Marlene Wagman-Geller

"As far back as I can remember, it was always on my bucket list, even before the term bucket list was coined,
to be a writer. It was a natural progression to want to go from reading books to writing one."

Till I Die (1847)

Apr 19, 2022 by Marlene Wagman-Geller

      John Muir, the naturalist who was most at home sleeping outdoors on a bed of pine needles, called the sequoias the “noblest of God’s trees.” The wooden sentries were in their infancy when the Coliseum hosted its gladiator games; their tallest branches would dwarf Lady Liberty’s crown. The spiritual groundskeeper of the Sierra Nevada’s sacred forest: Sequoyah.

     Ironically, the trees that bear the name of a Native American from the East never laid eyes on nature’s superlative. Sequoya was born in 1760, present day Tennessee, the son of Nathaniel Gist, a white commissioned officer in the Continental Army. General George Washington sent Gist to the Cherokees to recruit men to fight the British. In this capacity Gist met Wurteh, a sister of Old Tassei, the head chief of the Cherokee nation. Gist never acknowledged his son and Wurteh raised him on her own. Either because of a birth defect or subsequent injury, his tribe referred to him as Sequoyah, which translates to “pig’s foot.” Despite his mixed heritage, Sequoyah faithfully clung to his tribe’s clothes, religion, and language. 

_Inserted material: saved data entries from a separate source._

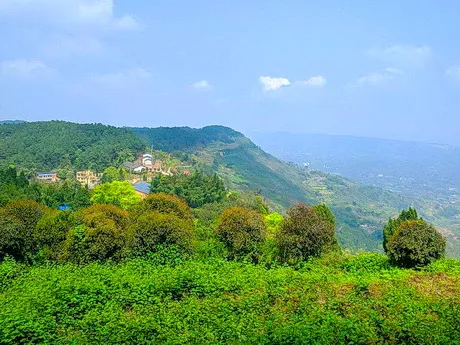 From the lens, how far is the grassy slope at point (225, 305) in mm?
9039

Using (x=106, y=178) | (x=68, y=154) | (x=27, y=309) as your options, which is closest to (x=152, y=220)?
(x=27, y=309)

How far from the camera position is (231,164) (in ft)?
374

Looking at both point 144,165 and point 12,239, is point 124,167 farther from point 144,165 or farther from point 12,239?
point 12,239

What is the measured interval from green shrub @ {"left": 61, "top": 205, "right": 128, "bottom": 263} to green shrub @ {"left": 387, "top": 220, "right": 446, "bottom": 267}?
34.7 ft

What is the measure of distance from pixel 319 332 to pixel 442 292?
524 cm

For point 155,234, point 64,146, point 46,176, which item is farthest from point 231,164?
point 155,234

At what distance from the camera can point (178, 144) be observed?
127000mm

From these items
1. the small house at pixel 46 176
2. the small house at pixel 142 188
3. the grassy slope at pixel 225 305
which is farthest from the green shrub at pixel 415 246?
the small house at pixel 46 176

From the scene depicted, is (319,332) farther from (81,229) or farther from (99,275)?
(81,229)

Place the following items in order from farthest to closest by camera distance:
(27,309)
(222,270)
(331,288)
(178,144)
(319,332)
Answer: (178,144) < (222,270) < (331,288) < (27,309) < (319,332)

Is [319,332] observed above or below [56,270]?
above

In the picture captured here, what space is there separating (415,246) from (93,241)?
12172 millimetres

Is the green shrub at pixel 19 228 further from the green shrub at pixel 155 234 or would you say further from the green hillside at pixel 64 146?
the green hillside at pixel 64 146

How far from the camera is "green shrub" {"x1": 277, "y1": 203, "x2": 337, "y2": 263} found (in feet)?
59.2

    Fiercely against assimilation, Sequoyah nevertheless admired the white people’s practice of “talking leaves,” what the Native Americans referred to as written language, something foreign to Cherokee culture. Although Sequoyah had no knowledge of reading or writing, he felt that the betterment of his people lay in unlocking the secret of ink-stained markings on paper. He said of his challenge, “The white man is no magician.” For twelve years he labored to create an alphabet that would allow his people to preserve their past, communicate with exiled tribal members, and serve as an organizational tool. His fellow tribesmen-as well as his wife-felt he was practicing black magic that would tempt the wrath of the gods. Undaunted, Sequoyah taught his system to his six-year-old daughter, Ayokeh.

      Brought to trial before a chief, Sequoyah communicated with Ayokeh through his invention. Sensing the tool’s potency, the chief ordered that the system be spread throughout his nation. Within a few years, the Cherokee became adept in the new art and enjoyed widespread literacy. In 1828, The Cherokee Phoenix became the first Native American newspaper in the United States.

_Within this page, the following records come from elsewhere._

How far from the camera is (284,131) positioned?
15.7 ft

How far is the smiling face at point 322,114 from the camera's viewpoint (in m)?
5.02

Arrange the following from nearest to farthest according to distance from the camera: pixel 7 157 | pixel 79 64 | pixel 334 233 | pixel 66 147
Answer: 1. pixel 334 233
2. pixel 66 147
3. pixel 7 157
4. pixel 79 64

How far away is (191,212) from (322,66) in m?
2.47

      In the 1852, Augustus T. Dowd, a hunter in charge of supplying food to the Gold Rush miners, chased a wounded bear into the woods and stumbled upon trees that seemed to belong in the garden of a giant. Men cut down a tree and after counting the rings, a newspaper reporter declared, “It must have been a little plant when Samson was slaying the Philistines.” The news spread rapidly, and the area transformed into a tourist attraction. A leading British botanist proposed the superlative species bear the name Wellingtonia gigantea in honor of the Duke of Wellington who had defeated Napoleon at Waterloo. However, the final christening lay with Stephan L. Endlicher, a renowned 19th century botanist who served as the curator of the Vienna Museum of Natural History. He dubbed the recently discovered genus of giant Californian trees Sequoiadendron Giganteum after the Native American creator of the Cherokee writing system. Endlicher ended up a victim of suicide; however, his namesake lives on in nonpareil splendor.

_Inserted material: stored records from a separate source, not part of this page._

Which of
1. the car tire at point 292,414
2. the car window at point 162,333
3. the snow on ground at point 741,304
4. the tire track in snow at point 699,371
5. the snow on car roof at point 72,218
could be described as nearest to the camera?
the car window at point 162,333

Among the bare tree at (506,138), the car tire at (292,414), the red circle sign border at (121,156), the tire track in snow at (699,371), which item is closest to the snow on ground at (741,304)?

    In 1842, Sequayah left his log cabin at Skin Bayou to locate a lost band of Cherokee. He reconnected with them in Northern Mexico where he died a year later from natural causes. His son laid him to rest in a nearby cave. In 1971, the Raiders released a song that could well have come from the mouth of Sequoyah, “They took the whole Indian nation/Locked us on a reservation/Though I wear a shirt and tie/I’m still part redman till I die.”